### WORK REQUEST
Only one stretch of the data is wanted: the line containing "K Da Akali Mask", the line containing "Étiquettes Cadeau Élégante", and every line between them, copied exactly.

### EXERCISE INPUTS

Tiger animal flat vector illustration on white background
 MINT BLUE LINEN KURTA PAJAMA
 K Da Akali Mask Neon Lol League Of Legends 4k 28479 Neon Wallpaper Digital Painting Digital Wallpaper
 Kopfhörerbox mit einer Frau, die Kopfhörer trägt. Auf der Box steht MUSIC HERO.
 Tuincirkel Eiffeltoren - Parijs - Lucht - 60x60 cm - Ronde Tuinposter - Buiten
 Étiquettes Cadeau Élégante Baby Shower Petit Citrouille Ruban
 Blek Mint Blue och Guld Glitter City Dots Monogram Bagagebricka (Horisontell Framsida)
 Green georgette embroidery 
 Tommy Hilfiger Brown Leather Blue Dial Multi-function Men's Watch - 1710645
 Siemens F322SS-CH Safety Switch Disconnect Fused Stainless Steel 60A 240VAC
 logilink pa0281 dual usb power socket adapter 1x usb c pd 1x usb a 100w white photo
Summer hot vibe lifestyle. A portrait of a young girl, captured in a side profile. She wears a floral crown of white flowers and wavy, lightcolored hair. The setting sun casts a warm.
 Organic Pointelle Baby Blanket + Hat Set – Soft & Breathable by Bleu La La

### SOLUTION
 K Da Akali Mask Neon Lol League Of Legends 4k 28479 Neon Wallpaper Digital Painting Digital Wallpaper
 Kopfhörerbox mit einer Frau, die Kopfhörer trägt. Auf der Box steht MUSIC HERO.
 Tuincirkel Eiffeltoren - Parijs - Lucht - 60x60 cm - Ronde Tuinposter - Buiten
 Étiquettes Cadeau Élégante Baby Shower Petit Citrouille Ruban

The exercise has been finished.